Qui raccontare di una cittadinanza onoraria non concessa ad un prefetto che ha sfidato la mafia, a fronte di una cittadinanza onoraria concessa a chi in tv ha parlato delle bellezze di Trapani, preferendo a quelle architettoniche quelle più mangerecce delle arancine, si trova a rispondere di danni morali e danni biologici provocati per 50 mila euro. Qui viene dato del mafioso a chi racconta delle malefatte di un politico che ha saccheggiato la propria città e che è uscito indenne da un processo di mafia solo perché a “partita in corso” sono cambiate le regole processuali. Qui per scrivere di un politico appena prescritto dall’accusa di essere stato corrotto dai mafiosi, che come primo atto ritiene giusto rendere visita al presidente Berlusconi, ci si sente dire che si è scritto di una notizia inesistente. In questa provincia vengono eletti sindaci arrestati per combutta con soggetti para mafiosi, e che però sono stati assolti perché i giudici hanno ritenuto abusiva una intercettazione.Qui, a Trapani sempre, si fanno le manifestazioni in nome della legalità senza pronunziare la parola mafia. Il fatto drammatico è quello di scoprire che queste cronache sui giornali non le trovate. Il bavaglio funziona, eccome.
Allora si deve lottare perché il bavaglio non venga posto ma ci si deve impegnare perché laddove, come in Sicilia, questo bavaglio è stato messo, venga presto rimosso, tolto. Questa deve essere la caratteristica in più per la Sicilia in questo giorno di protesta.
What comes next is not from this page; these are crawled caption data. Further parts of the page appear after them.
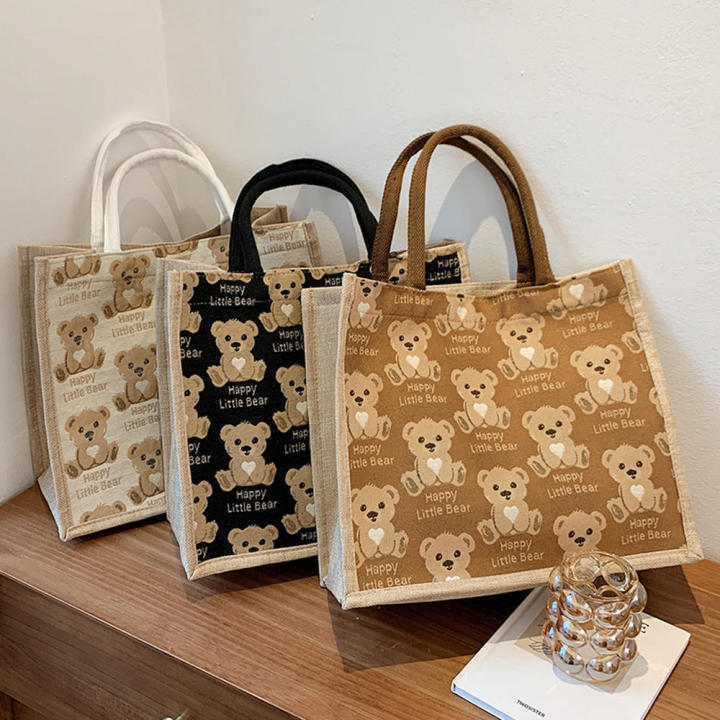 Stylish%20Tote%20Bags%20Large-capacity%20Handbag%20Handbags%20For%20Women%20Shoulder%20Bag%20Bear%20Canvas%20Bag%20Cotton%20Linen%20Tote%20Bag%20Shopping%20Bag%20-%20Image%203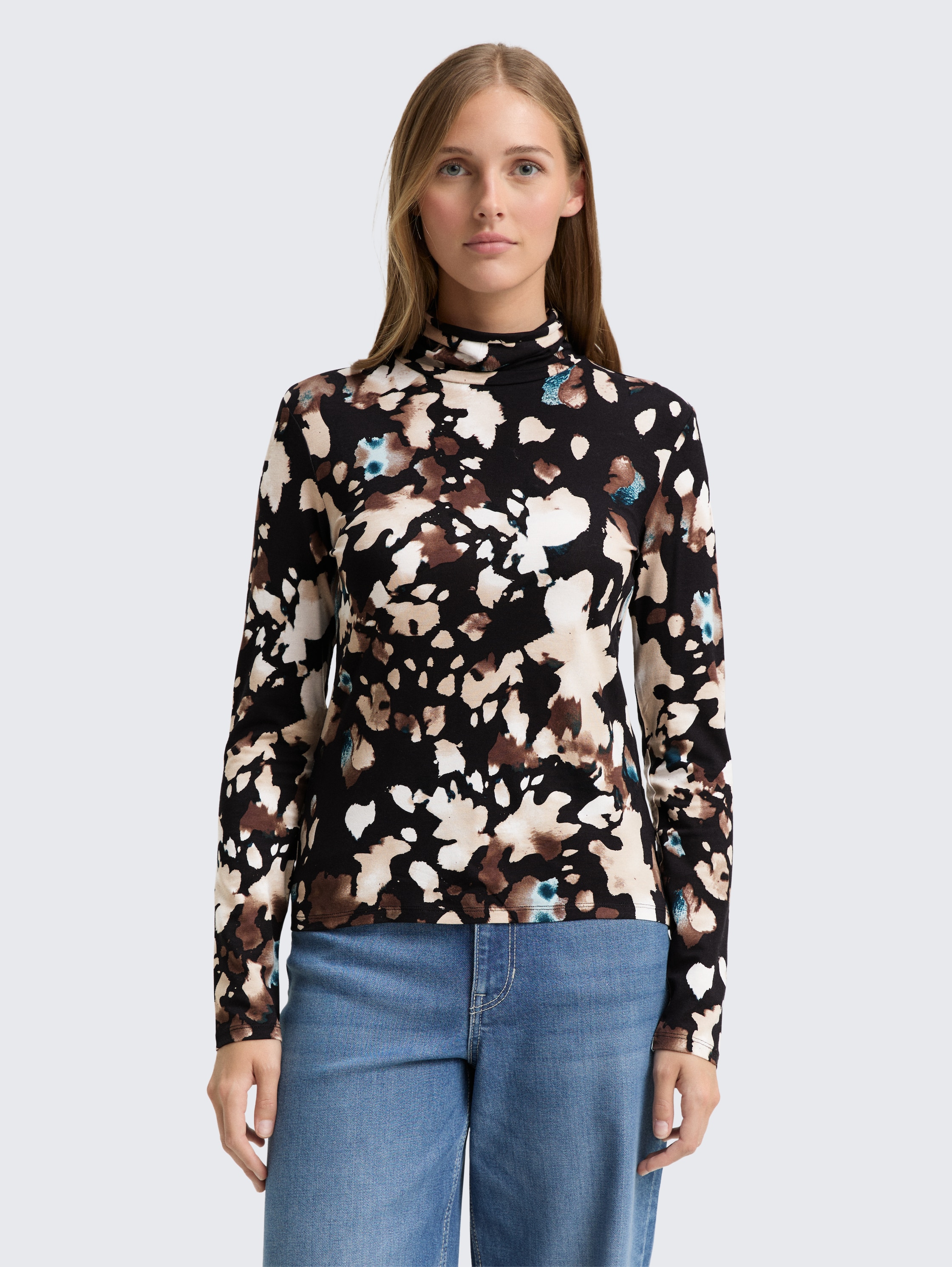 Basic Rollkragenshirt - abstract_print -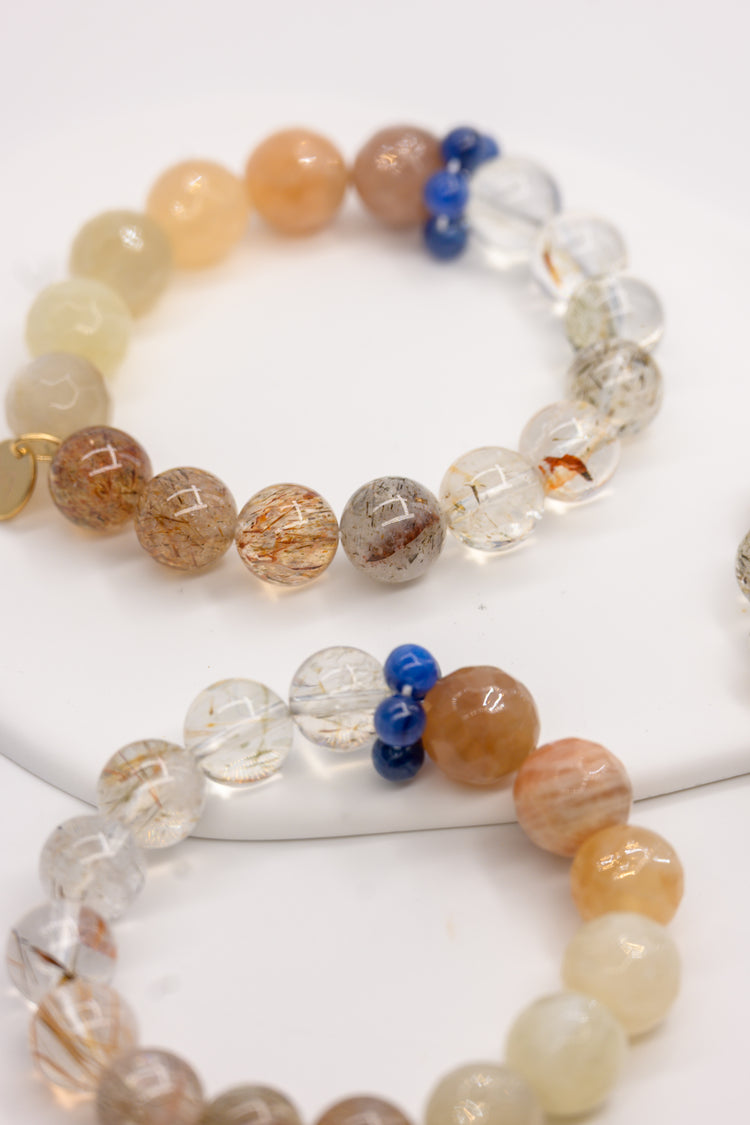 Serenity Balance Bracelet | Peach Moonstone Black Super7 Kyanite (AA)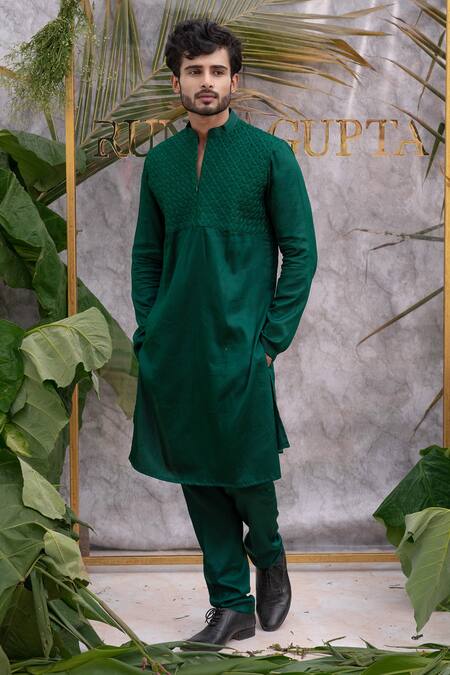 Runit Gupta_Green Pure Cotton Quilted Kurta Set _Online_at_Aza_Fashions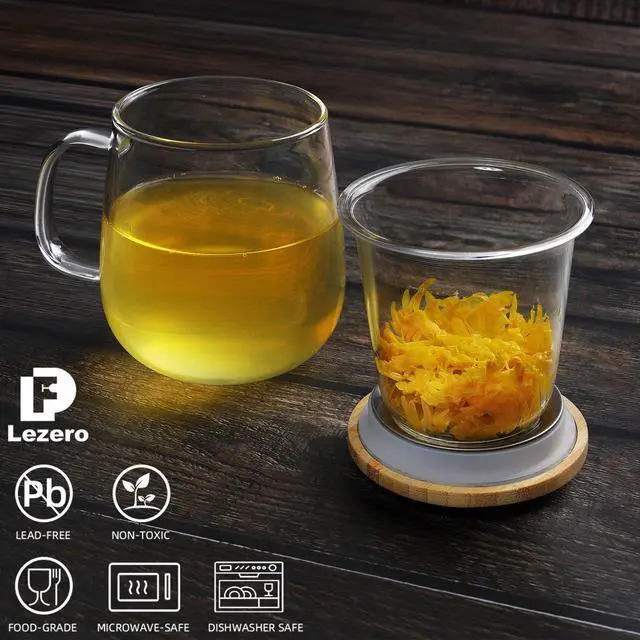 Alt view image 2 of 7 - 15oz Clear Glass Tea Cup with Infuser and Lid for Blooming & Loose Leaf Tea | with Handle, Borosilicate, Heat Resistance, Lead-free, Microwave & Dishwasher Safe, Gifts Box Include, A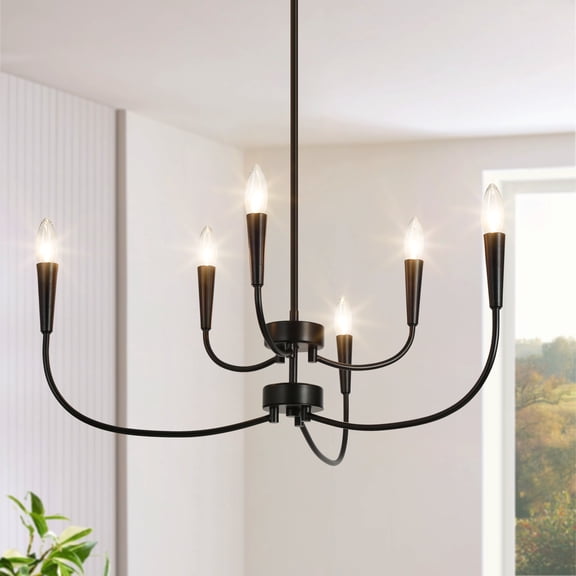 LNC Trucatinon 29.9-in Large 6 -Light Matte Black Metal Chandelier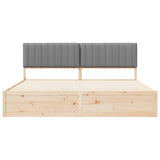 Bed Frame with Upholstered Headboard Light Grey 200 x 200 cm 3398209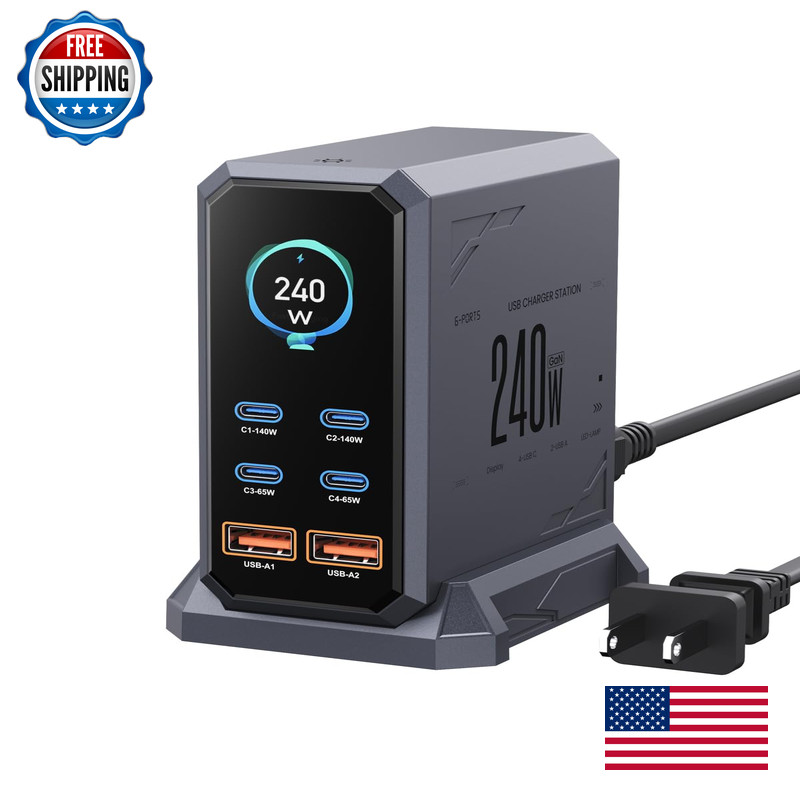240W Usb C Charger Blockasometech 6 Ports Usb Charging Stationgan 140W Pd3.1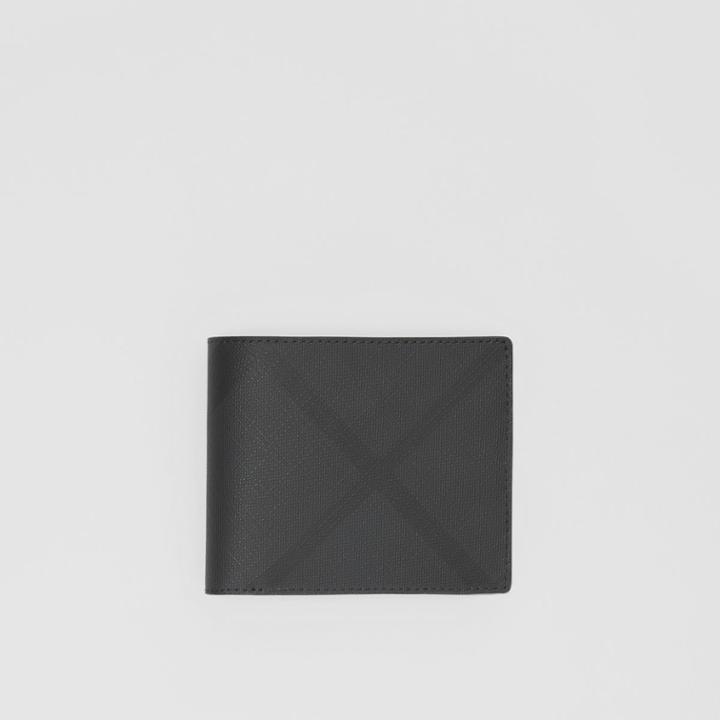 Burberry Burberry London Check Bifold Wallet With Id Card Case, Black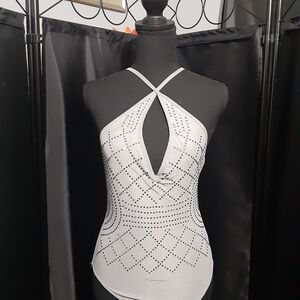 Windsor Gray Silver Halter Bodysuit Criss Criss Embrodiered Rhinestones Ladies S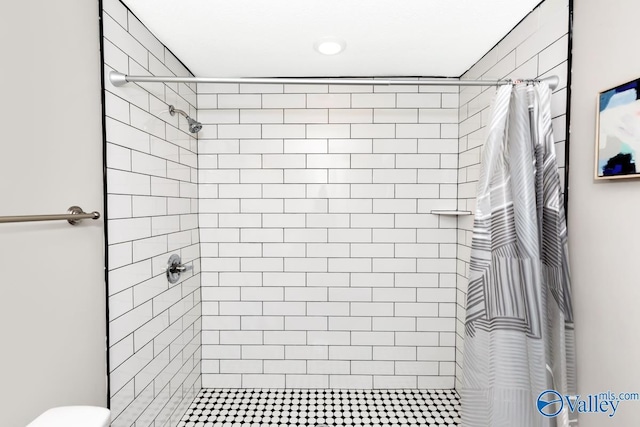 bathroom featuring a shower stall and toilet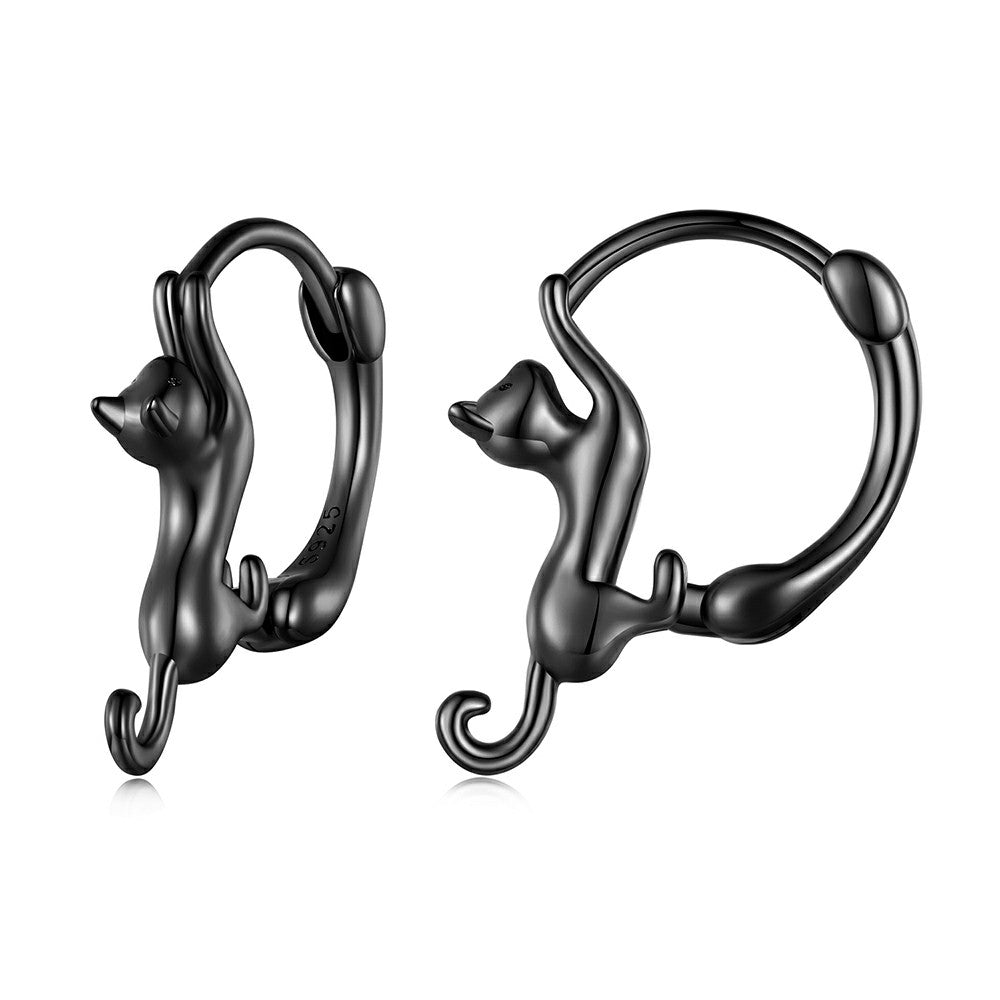 Black Kittens Earrings Silver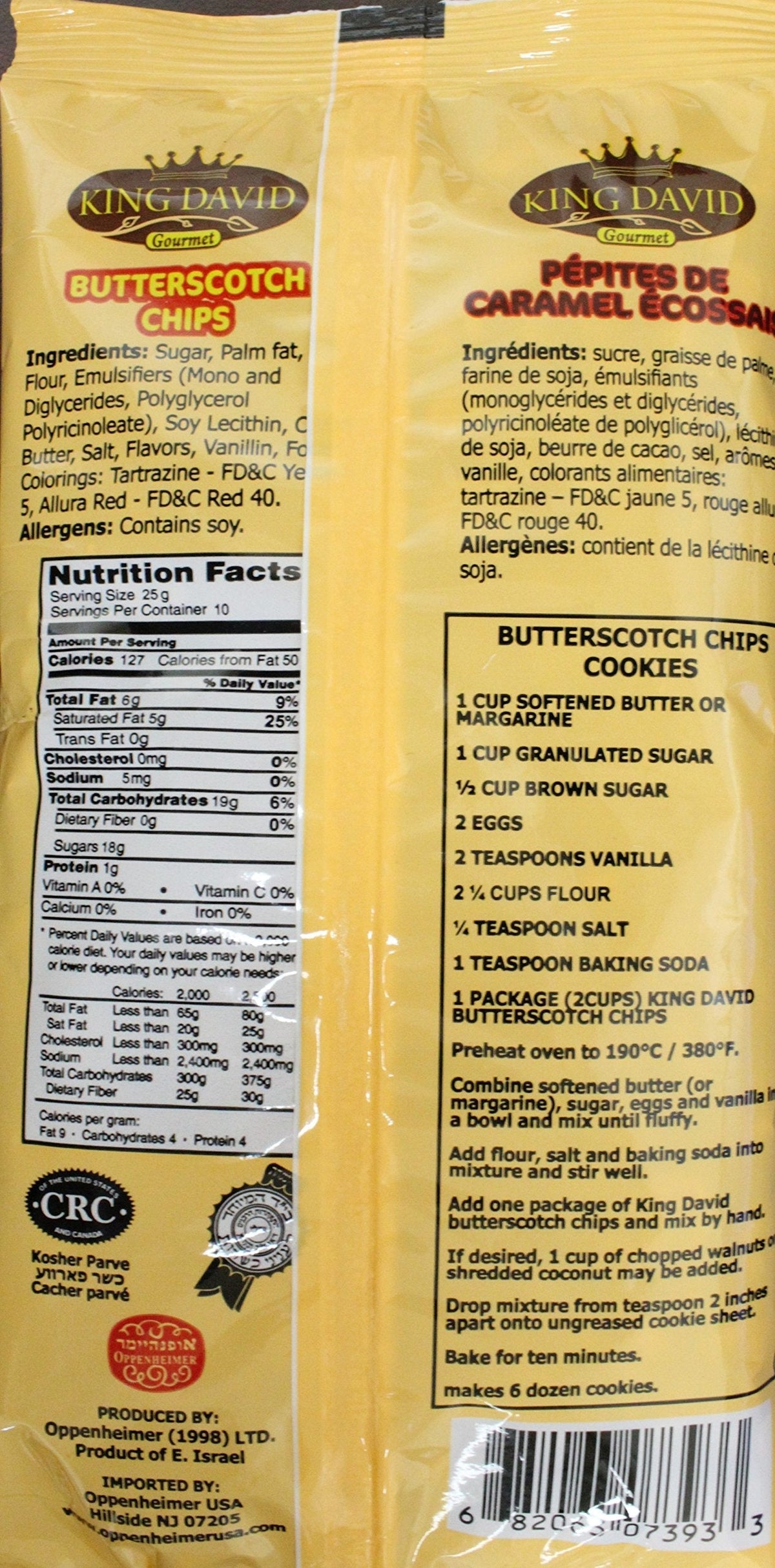 King David Vegan Butterscotch Chips — Non-Dairy, Kosher, 4-Pack (8.8 oz per bag)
Lo dobbiamo fare per i tanti siciliani onesti che non ne possono più di mafia e mafiosità, che non riescono a indignarsi quando leggono le intercettazioni e i loro contenuti, e finiscono con l’essere travolti dalla minoranza che invece a fronte di questi contenuti vanno dicendo in giro che sono “tutte minchiate”. E’ sotto gli occhi di tutti che oggi nemmeno una condanna induce al silenzio chi la subisce, anzi si festeggia, con i cannoli o facendo passare per eroi chi eroe non lo era ma mafioso sicuramente.
La Sicilia è travolta dagli equivoci che però non possono essere appieno raccontati per essere dimostrati. Trapani, poi, è ricca di questi esempi, ma pochissimi provano a indicarli e se lo fanno sanno che presto o tardi un prezzo da pagare lo avranno, se le cose non cambiano.